MTN Group’s revenue declined due to challenges in Nigeria and Sudan, with a reported 15.4% drop in service revenue. Despite this, data and fintech revenues increased. Operational costs rose substantially, leading to a significant loss in earnings. The firm aims for strategic recovery and portfolio optimization while considering future dividend growth.
MTN Group reported a decline in revenue attributed to significant challenges in Nigeria and Sudan. The largest mobile operator in Africa released its financial results for the fiscal year ending December 31, noting the impacts of foreign exchange devaluation, especially the naira, and ongoing conflict in Sudan. Despite this, service revenue decreased by 15.4% to R177.8 billion but showed a constant currency increase of 13.8%.
Data revenue also dropped by 12.3% in reported figures, yet it rose 21.9% when adjusted for constant currency. In contrast, MTN’s fintech revenue grew by 11% during the same period. EBITDA fell by 33.5%, and the EBITDA margin reduced by 8.9 percentage points, indicating substantial profit margin pressures. Basic earnings per share plunged to a loss of -531 cents, with reported headline EPS down by 68.9% to 98 cents.
In the first half of 2024, MTN faced a revenue decline of 20.8% to R85.3 billion compared to R107.7 billion in the first half of 2023. Subscriber counts grew by 2.2% to 290.9 million and active data subscribers climbed by 7.7% to 157.8 million. Monthly active users for Mobile Money (MoMo) increased by 0.9%, and data traffic saw a significant rise of 32.6% to 19,459 petabytes. MTN’s fintech transactions also rose by 15.3% to 20.3 billion.
MTN Group President and CEO Ralph Mupita expressed optimism about the underlying performance despite the unfavorable operating conditions. He emphasized progress in macroeconomic indicators, such as inflation and foreign exchange rates in key markets, which aided performance in the latter half of the fiscal year. The company managed to implement tariff amendments in Nigeria, contributing to a healthier financial situation toward year’s end.
Mupita highlighted that operationally, the impacts from the naira’s devaluation and inflation persisted, alongside geopolitical volatility particularly in Sudan, where ongoing conflict adversely affected operations. MTN’s capital expenditures reached R29.9 billion, aimed at enhancing network quality and capacity. This investment strategy led to a robust increase in data traffic and fintech service growth.
As of fiscal year-end 2024, MTN held a subscriber base of 291 million, reflecting a net addition of 6.2 million customers, notwithstanding the loss of subscribers in conflict-ridden Sudan. Active data users and MoMo MAU saw steady growth, although MoMo’s user growth rate moderated due to strategic improvements in the fintech ecosystem.
MTN has also optimized its portfolio by finalizing the sale of MTN Afghanistan and planning exits from other Middle Eastern operations. The renegotiation of tower lease contracts in Nigeria has led to notable operational cost savings. Furthermore, MTN Ghana exceeded local ownership requirements, and the company is taking steps to meet compliance regulations in MTN Uganda.
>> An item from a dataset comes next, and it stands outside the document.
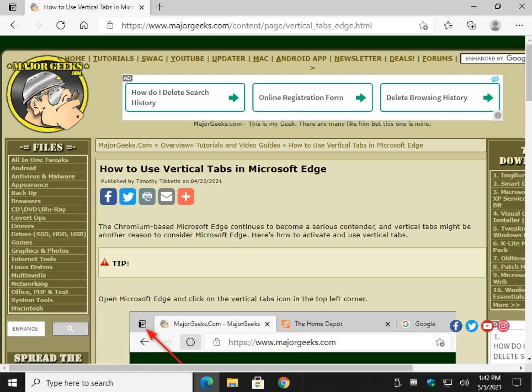Hey there geeks, Tim with MajorGeeks.com. Today we're going to show you something that's been staring you in the face if you've used the Chromium-based Microsoft Edge at all. It's called Vertical Tabs. There's no settings, there's no extension. It's actually sitting right here staring at you right there.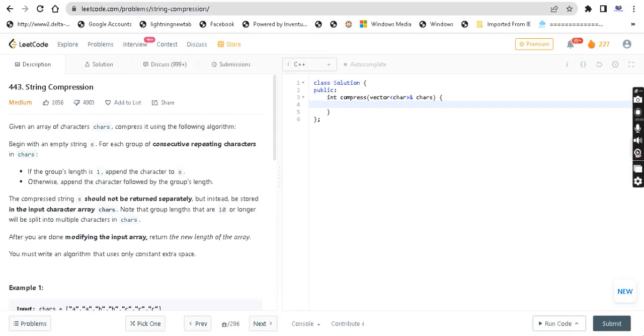Hey guys, welcome back. This is a question on string compression. Given an array of characters, compress it using the following algorithm.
The MTN Group declared a dividend of 345 cents per share for fiscal year 2024, with expectations to increase this to a minimum of 370 cents for fiscal year 2025, contingent upon full-year results to be announced in March 2026.
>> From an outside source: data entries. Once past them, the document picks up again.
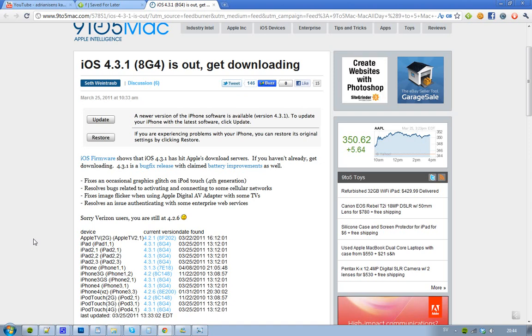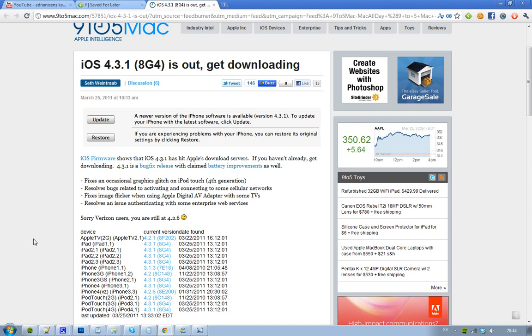I talked about this just four days ago—that this rumored iOS 4.3.1 update would come in the upcoming one or two weeks. And it's already here this week, so that's kind of sweet.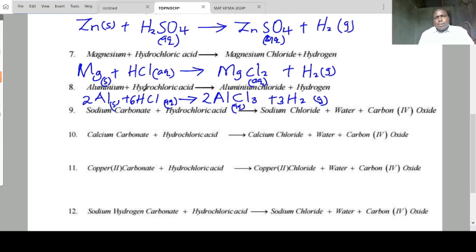Next is sodium carbonate. Sodium carbonate is written as sodium carbonate.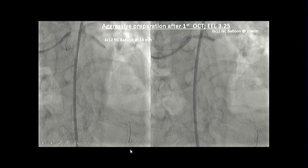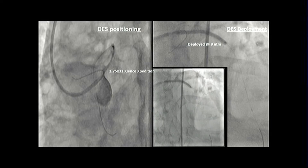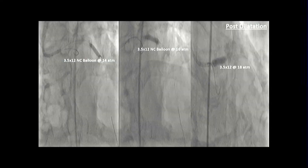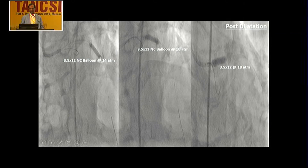With the EEL of 3.25 for LAD and 4 for left main, a 3 into 12 NC balloon was taken at 14 and 20 atmospheres respectively in LAD and left main. A 2.75 into 33 mm Xience Xpedition was placed from the ostial left main, pulled 2 mm into the aorta, and deployed at nominal atmosphere. A 3.5 NC balloon was then used and dilated at 14 and 16 atmospheres in LAD and 18 atmospheres in the left main.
MTN Group’s financial performance has been significantly affected by challenges in Nigeria and Sudan, evidenced by declines in revenue and earnings. The company managed to achieve growth in data and fintech segments amidst these adversities. Operational improvements and strategic milestones are observed, alongside expectations for future dividend increments. Overall, while the company faces tough economic conditions, it strives to maintain positive momentum and optimize its operations.